No, the story comprises of K going to a place, learning a thing, and then going to another place. Repeat to fade. There are even a number of moments where K returns to a place and, just by looking really hard, harder than everyone else, discovers something new. How or why he makes these connections is handily swept to the side (maybe for a director’s cut?). Perhaps it’s just terse storytelling with all the faff removed for sake of levity? The reality of it, you watch this hulking movie, and with most scenes the feeling is: do we really need to be seeing this? Why is he here again? Where are we? What’s happening?

There is a reason to watch – on a big screen if possible – and that’s largely down to fine work by regular Villeneuve collaborator Roger Deakins, whose coldly expressive cinematography brings a sense of crumbling grandeur to future Earth. There are numerous shots where the camera pulls back to reveal the brutal sprawl of a Los Angeles which resembles a giant circuit board. And if you really dig atmospheric shots of vapour, fog and smoke, then this is absolutely the film for you. (Blade Runner 2049 is basically Prisoners with flying cars).

The production design plays on the clash between pristine minimalism and post-industrial decay, often encapsulating the two aesthetics within the same frame. The former comes to the fore in the company of Jared Leto’s sinister biotech tycoon, Wallace, whose pseudo-philosophical babblings recall The Architect in the Matrix sequels mixed with the creative director of a ’90s ad agency. He lives in what looks like a couples spa, replete with calming water features.

So it’s slow, stately, looks pretty, but sorely lacks for drama. At this point, let’s call it a clean 50/50 split. But what tips it towards the negative is its clutch of dubiously rendered female characters. Women in Blade Runner 2049 are one of three things: evil, prostitutes or naked. There’s even a moment where K takes his flying car to a mysterious desert location that’s dashed with monolithic sculptures. Upon closer inspection, they are nude women with oversized breasts. This isn’t some Freudian metaphor of maternal longing or an image which holds a deep relevance. It is, apropos of nothing, an image of guilt-free titillation for the road.

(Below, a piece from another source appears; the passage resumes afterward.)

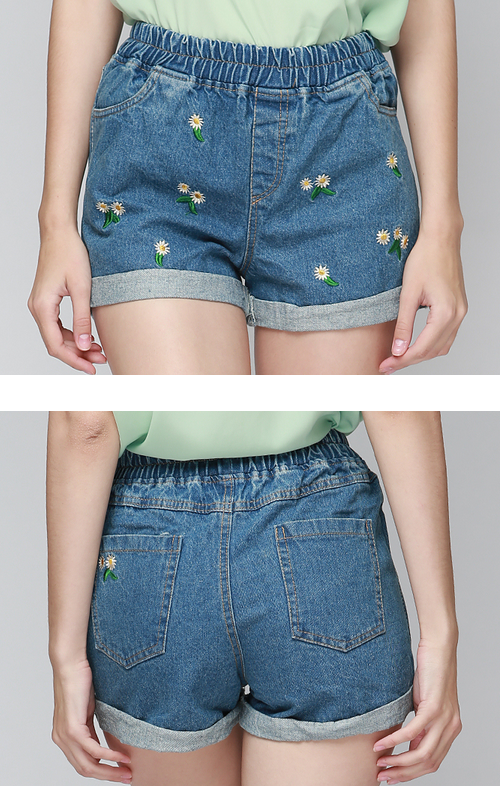 Daisy Embroidered Denim Shorts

The central female character is K’s hologramatic sex companion named Joi (Ana de Armas) who frolics around his cell-like apartment in a sparkly cocktail dress while he looks on in self-lacerating disgust. The majority of female characters are needlessly sexualised and serve no purpose to the plot other than to make the male characters feel sad. The film offers an unreconstructed male-centric vision of the future which neglects to explore why calls for gender equality either weren’t answered, or never happened in the first place. It’s very careful to plant different languages and alphabets across the various signs seen on walls and buildings, inferring that the world has developed into a rich cultural melting pot. And yet, women just all like see-through PVC fetishwear and that’s that.

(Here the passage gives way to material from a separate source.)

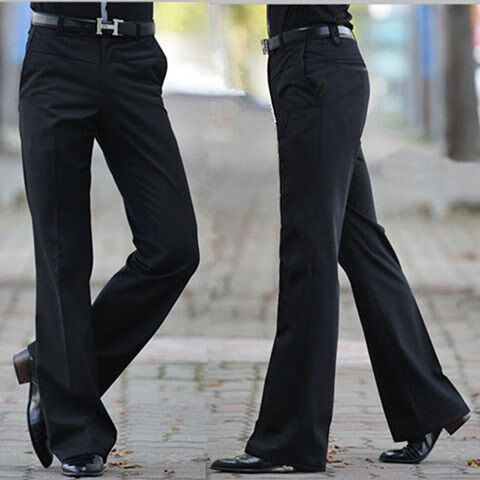 小啦叭库中年男士大脚牛仔裤微喇叭裤韩版喇叭西裤男商务修身垂感直筒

Maybe you’ll watch this film and see some greater aspiration, or a bewitching existential discourse which taps into your own view of humanity, procreation, the dangers of overpopulation, slave-master relations, father-son relations, or something else entirely. It’s clear that Villeneuve has been binging on the films of Andrei Tarkovsky prior to making Blade Runner 2049, as this apes his deliberate, “transcendental” style while neglecting the idea that these gorgeous images have to push towards a common cause to justify their existence. It’s a film full of sound and fury, but it signifies nothing. Do yourself a favour and keep those expectations tempered, and then some. To expect the second coming would be the biggest spoiler of all.

Published 3 Oct 2017

Tags: Blade Runner Denis Villeneuve Harrison Ford Ryan Gosling

Anticipation.

The hype-o-meter is off the charts for this one. Fingers crossed then.

Enjoyment.

A big disappointment. All the pretty vistas in the world can’t enliven this protracted futuro-slog.

In Retrospect.

A film that’s certain of its own intellect yet has precious little to impart.